Content starts
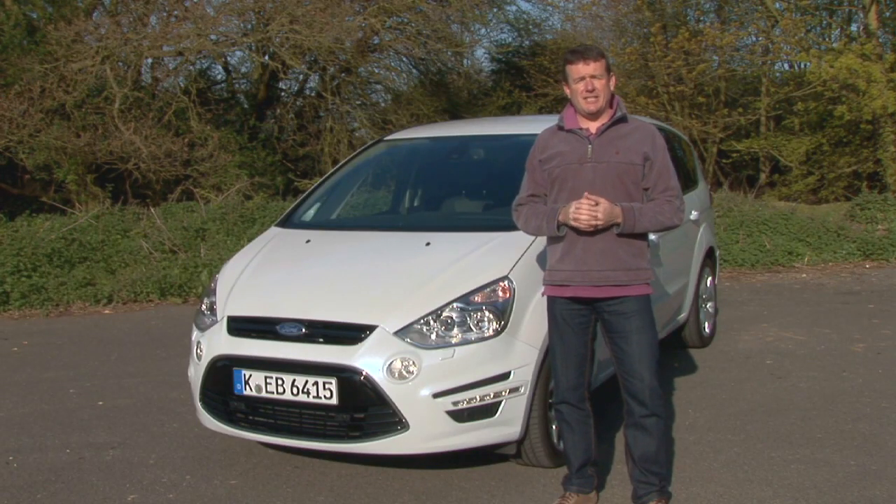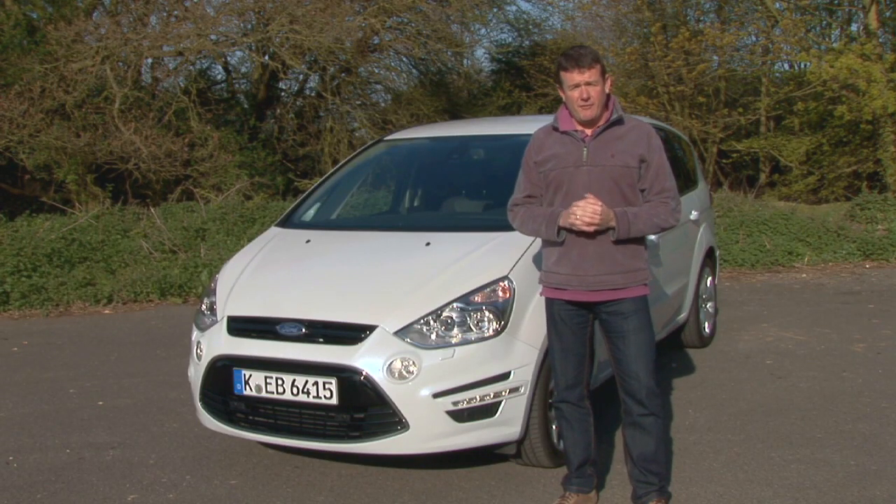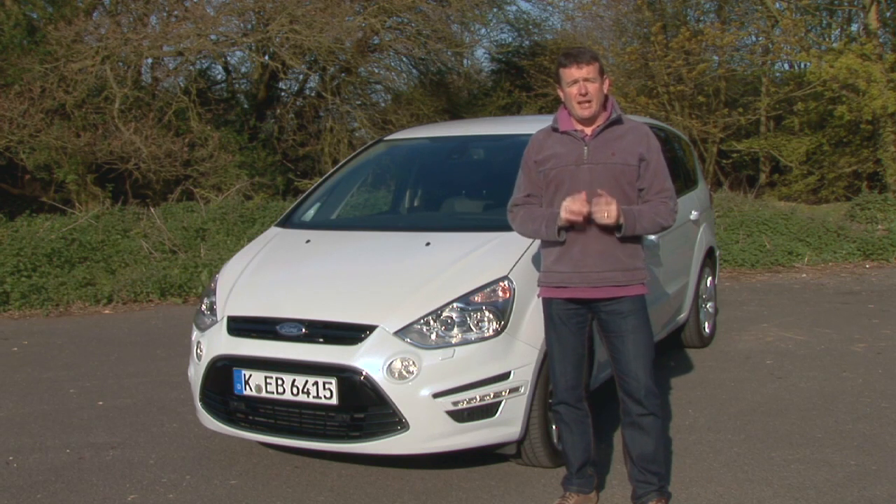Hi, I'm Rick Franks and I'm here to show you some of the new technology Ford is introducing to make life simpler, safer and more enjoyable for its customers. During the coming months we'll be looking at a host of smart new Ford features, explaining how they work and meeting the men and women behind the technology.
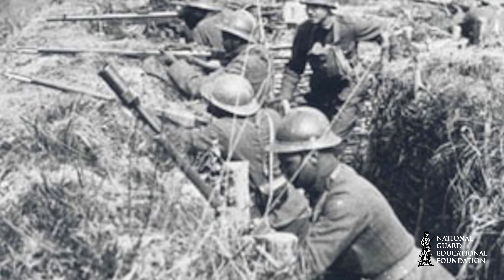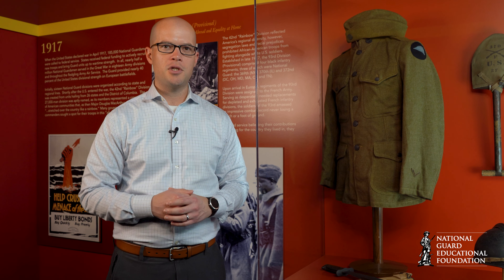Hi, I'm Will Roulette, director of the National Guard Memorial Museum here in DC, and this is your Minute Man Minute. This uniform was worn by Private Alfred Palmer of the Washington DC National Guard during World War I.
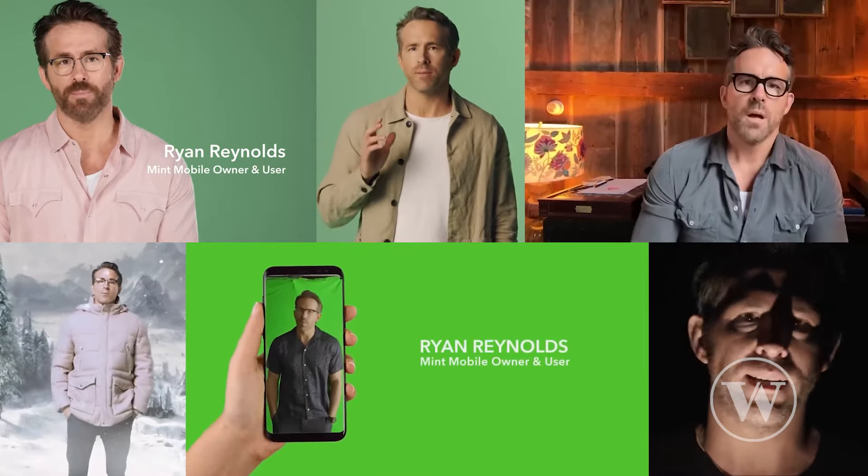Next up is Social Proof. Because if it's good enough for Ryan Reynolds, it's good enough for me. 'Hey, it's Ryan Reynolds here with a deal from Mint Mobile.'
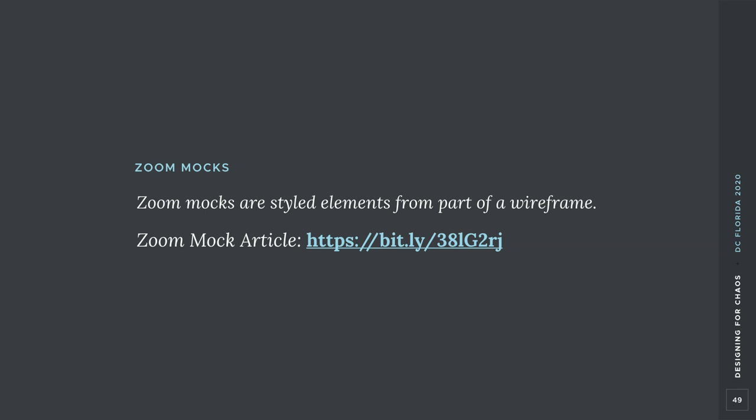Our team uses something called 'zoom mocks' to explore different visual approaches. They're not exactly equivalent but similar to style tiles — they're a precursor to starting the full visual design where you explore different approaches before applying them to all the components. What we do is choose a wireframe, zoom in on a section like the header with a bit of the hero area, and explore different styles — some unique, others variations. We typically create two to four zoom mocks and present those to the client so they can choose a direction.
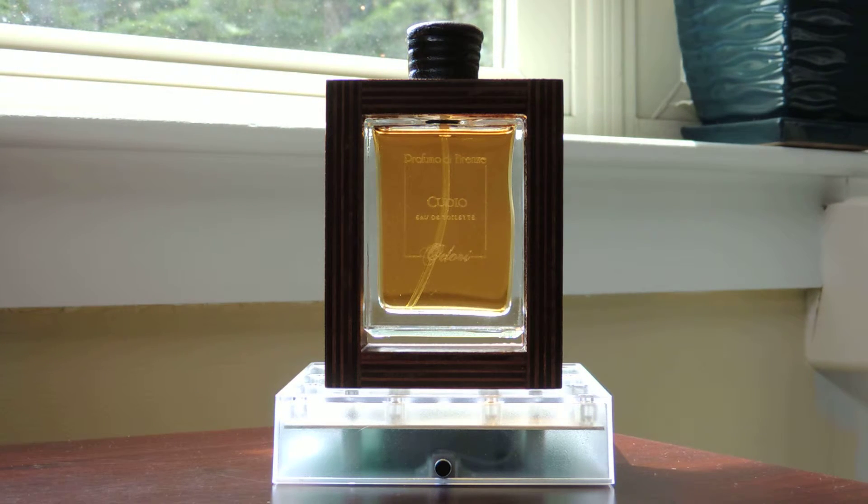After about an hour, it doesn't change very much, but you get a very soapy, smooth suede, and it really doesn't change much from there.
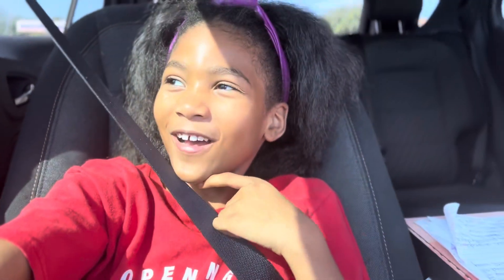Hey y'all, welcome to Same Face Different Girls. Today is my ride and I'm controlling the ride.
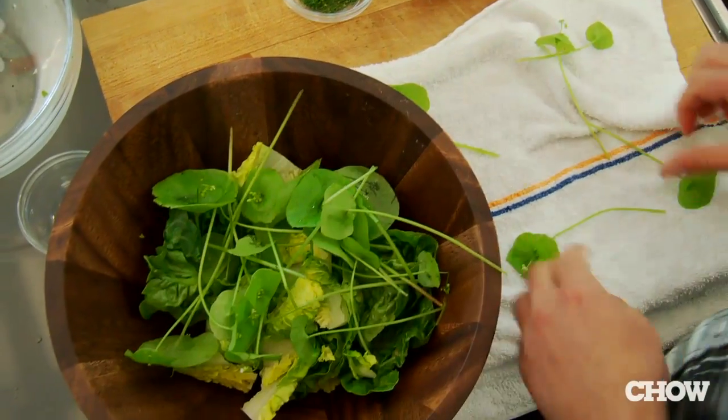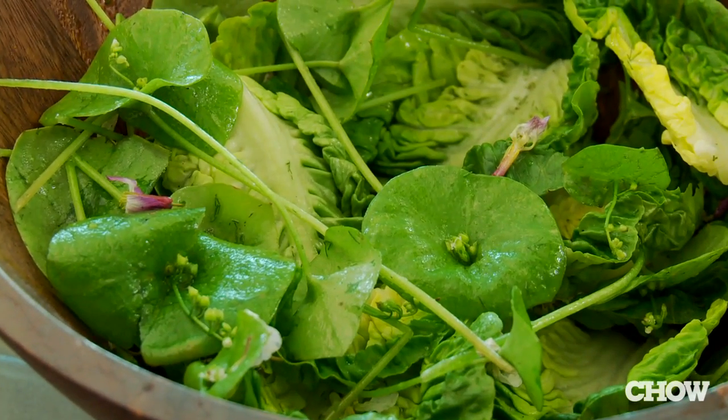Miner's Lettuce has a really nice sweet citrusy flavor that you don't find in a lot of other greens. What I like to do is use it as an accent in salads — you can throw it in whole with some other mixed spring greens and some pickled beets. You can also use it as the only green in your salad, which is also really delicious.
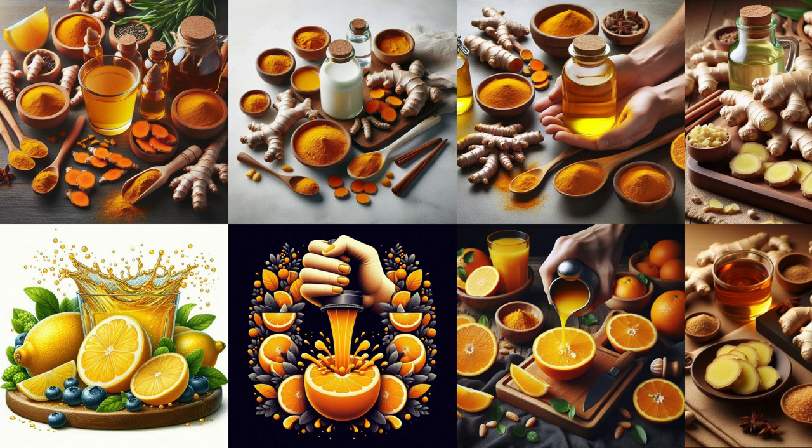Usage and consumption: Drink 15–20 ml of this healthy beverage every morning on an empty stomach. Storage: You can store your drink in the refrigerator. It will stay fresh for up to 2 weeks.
Content ends
Content starts
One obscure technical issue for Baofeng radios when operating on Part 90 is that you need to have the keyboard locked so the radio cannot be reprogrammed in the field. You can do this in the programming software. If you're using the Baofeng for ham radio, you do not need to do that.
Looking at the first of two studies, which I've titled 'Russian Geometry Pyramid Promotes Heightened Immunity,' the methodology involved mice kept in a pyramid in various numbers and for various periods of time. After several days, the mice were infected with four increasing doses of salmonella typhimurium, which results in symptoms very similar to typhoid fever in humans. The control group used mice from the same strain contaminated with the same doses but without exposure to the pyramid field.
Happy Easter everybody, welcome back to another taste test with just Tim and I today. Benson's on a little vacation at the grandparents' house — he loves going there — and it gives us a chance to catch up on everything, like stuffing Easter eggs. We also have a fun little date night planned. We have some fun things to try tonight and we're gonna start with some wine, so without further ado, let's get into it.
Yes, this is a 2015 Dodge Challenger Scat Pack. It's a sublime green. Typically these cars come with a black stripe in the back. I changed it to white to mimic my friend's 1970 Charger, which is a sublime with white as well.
Content ends
• Instructions to follow: In the entries above, find the line with "Miner's Lettuce has" and the line with "Usage and consumption: Drink". Write out exactly those two lines and every line between them, pictures excluded.

• Result below:
Miner's Lettuce has a really nice sweet citrusy flavor that you don't find in a lot of other greens. What I like to do is use it as an accent in salads — you can throw it in whole with some other mixed spring greens and some pickled beets. You can also use it as the only green in your salad, which is also really delicious.
Usage and consumption: Drink 15–20 ml of this healthy beverage every morning on an empty stomach. Storage: You can store your drink in the refrigerator. It will stay fresh for up to 2 weeks.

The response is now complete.